I am pleased to update the Sakai community on the outcomes of a two day coding sprint to produce a Basic LTI consumer widget for Sakai 3. Dr. Charles Severance, Noah Botimer, and I participated in the sprint which the University of Michigan CTools team was kind enough to host. Don’t worry if you are not familiar with the Basic LTI specification. It is an up and coming specification from IMS which is currently in draft status. In a nutshell, it allows separate applications to be loosely integrated through an IFRAME. In the first iteration, known as “Basic” LTI, the remote system trusts some user information from the local system such as the identity of the user and the roles of the user (e.g. Instructor, Learner, etc.), and then automatically provisions accounts and tools appropriately. Essentially, this allows a remote tool to appear in a learning management system (LMS) as if it were a local tool. From an industry perspective, this will allow a standard way for say publishers to provide hosted textbook content to a variety of LMSs. It could also create an environment where we begin to select tools à la carte for inclusion into a local LMS implementation; i.e. selecting the tools that best fit the pedagogy used by the instructor. For a quick primer on LTI, I would suggest watching the video IMS Basic Learning Tools Interoperability by Dr. Chuck.

So the reason that I wanted to explore LTI was perhaps a bit less lofty. Simply, I wanted to use it as a mechanism to place a Sakai 2 tool into a Sakai 3 site as a widget on a page. The work that has been accomplished to date (see: Sakai 2+3 Hybrid Status Update) has been largely about exposing entire Sakai2 sites in the Sakai 3 portal. This work is still very much applicable, but supports a different use case than what I hoped to accomplish with an LTI widget.  In this case, we want to be able to support a mixture of Sakai 2 and Sakai 3 tools and widgets within the context of a Sakai 3 site. This will help us make the transition from 2–>3 without a “big-bang” approach. For example, Sakai 3 will not have a PostEm tool day one, and that should not present a roadblock to Sakai 3 adoption. You should simply be able to place the PostEm from Sakai 2 in your Sakai 3 site along with all of the other native Sakai 3 widgets.
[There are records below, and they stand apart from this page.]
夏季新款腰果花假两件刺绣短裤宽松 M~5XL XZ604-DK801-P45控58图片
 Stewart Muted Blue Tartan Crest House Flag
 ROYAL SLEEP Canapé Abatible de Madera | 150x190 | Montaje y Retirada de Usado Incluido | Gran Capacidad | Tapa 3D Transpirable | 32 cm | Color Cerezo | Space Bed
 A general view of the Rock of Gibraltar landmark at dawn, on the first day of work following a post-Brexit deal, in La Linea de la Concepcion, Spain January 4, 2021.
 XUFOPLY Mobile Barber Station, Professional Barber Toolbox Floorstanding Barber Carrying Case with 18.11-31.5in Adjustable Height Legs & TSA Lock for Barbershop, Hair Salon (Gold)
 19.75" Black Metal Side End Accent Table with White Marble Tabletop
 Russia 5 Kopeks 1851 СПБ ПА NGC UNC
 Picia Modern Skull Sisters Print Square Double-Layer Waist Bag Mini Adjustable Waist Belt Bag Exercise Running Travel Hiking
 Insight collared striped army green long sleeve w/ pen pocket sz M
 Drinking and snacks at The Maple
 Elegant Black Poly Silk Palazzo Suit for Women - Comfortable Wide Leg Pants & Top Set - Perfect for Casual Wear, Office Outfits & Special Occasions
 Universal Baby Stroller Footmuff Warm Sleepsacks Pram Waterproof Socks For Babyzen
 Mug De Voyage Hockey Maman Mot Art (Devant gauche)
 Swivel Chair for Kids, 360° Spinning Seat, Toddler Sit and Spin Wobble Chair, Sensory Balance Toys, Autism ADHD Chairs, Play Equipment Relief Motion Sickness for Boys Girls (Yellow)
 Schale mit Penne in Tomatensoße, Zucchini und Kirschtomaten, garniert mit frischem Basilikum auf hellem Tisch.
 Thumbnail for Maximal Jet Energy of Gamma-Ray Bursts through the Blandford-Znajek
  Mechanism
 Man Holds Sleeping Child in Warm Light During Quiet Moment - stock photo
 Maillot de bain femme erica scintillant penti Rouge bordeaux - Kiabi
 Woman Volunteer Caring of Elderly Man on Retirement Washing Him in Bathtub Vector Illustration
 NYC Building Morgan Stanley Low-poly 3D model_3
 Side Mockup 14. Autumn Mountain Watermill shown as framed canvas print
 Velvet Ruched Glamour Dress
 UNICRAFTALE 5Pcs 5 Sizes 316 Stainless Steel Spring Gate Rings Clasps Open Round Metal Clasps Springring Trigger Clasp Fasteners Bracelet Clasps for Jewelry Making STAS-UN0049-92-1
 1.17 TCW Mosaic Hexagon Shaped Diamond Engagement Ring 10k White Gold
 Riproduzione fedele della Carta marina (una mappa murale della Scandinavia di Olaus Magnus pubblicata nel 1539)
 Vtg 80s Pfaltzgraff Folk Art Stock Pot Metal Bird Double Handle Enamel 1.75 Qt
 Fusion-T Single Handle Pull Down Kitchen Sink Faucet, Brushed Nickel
So after two days of intense coding, we had a widget that could consume a sample Basic LTI Provider. Many thanks again for the help from Dr. Chuck and Noah Botimer! You guys are awesome! There was certainly more work to do, but the plumbing had been laid and now I could focus on refining working code. Beyond the mechanics of creating an LTI launch, we wanted to add some settings to the widget:

  1. Create “virtual tool” registrations so that the same widget could be provisioned many times under different names; i.e. the same widget could be reused for sakai2.calendar, sakai2.postem, sakai2.etc.).
  2. Allow for administrative control over Basic LTI widget placements; i.e. the system administrator could define default values and/or lock settings that could not be modified by instructors. For example, you could use these locked settings to create the virtual tols described in #1.
  3. Settings to control user privacy:
    1. Should the user’s name be released to the remote system (i.e. first, last, full names)?
    2. Should the user’s email address be released to the remote system?
    3. Should the user’s user-name be released to the remote system?

I spent the next week wrapping up these enhancements to the code. The next step was to invoke the Basic LTI provider that is currently slated for release in Sakai 2.7.0. I mean that was the whole point of this exercise after all!  In doing so, I discovered a bug that cause the Sakai 2 provide to choke – it did not like the “/” character in my context_id variable; see: BLTI-23. The shortest path to resolution was rolling my sleeves up and fixing the code. So along the way, I accepted an invitation got wrangled into becoming a committer on the BLTI project! After fixing BLTI-23, we decided that the length of the Sakai 2 siteId could be a problem as we cannot predict the length of context_id that remote systems will pass, so next came BLTI-24. 🙂 A few commits later, and the we were in business! Yeah! I could display a Sakai 2 within a Sakai 3 site placed as a widget on a page.

So what is next?

  1. At least one screencast demonstrating the work to date – probably two. One showing the Basic LTI plumbing and passing of the LTI certification tests, and another showing Sakai2 tool placements in Sakai 3 sites.
  2. Some of the information in an LTI launch needs to be secured from end users. This will be a chance for me to learn more about access control in Sakai 3; see: KERN-591.
  3. The widget itself needs some renovation. I will likely copy the existing Remote Content widget and add the LTI settings.
  4. Create some virtual tools for existing Sakai 2 tools and add these to the out of box Sakai 3 experience.
  5. Work on the Sakai 2 Basic LTI provider servlet to make it more robust and support the specific Sakai 2/3 integration use cases.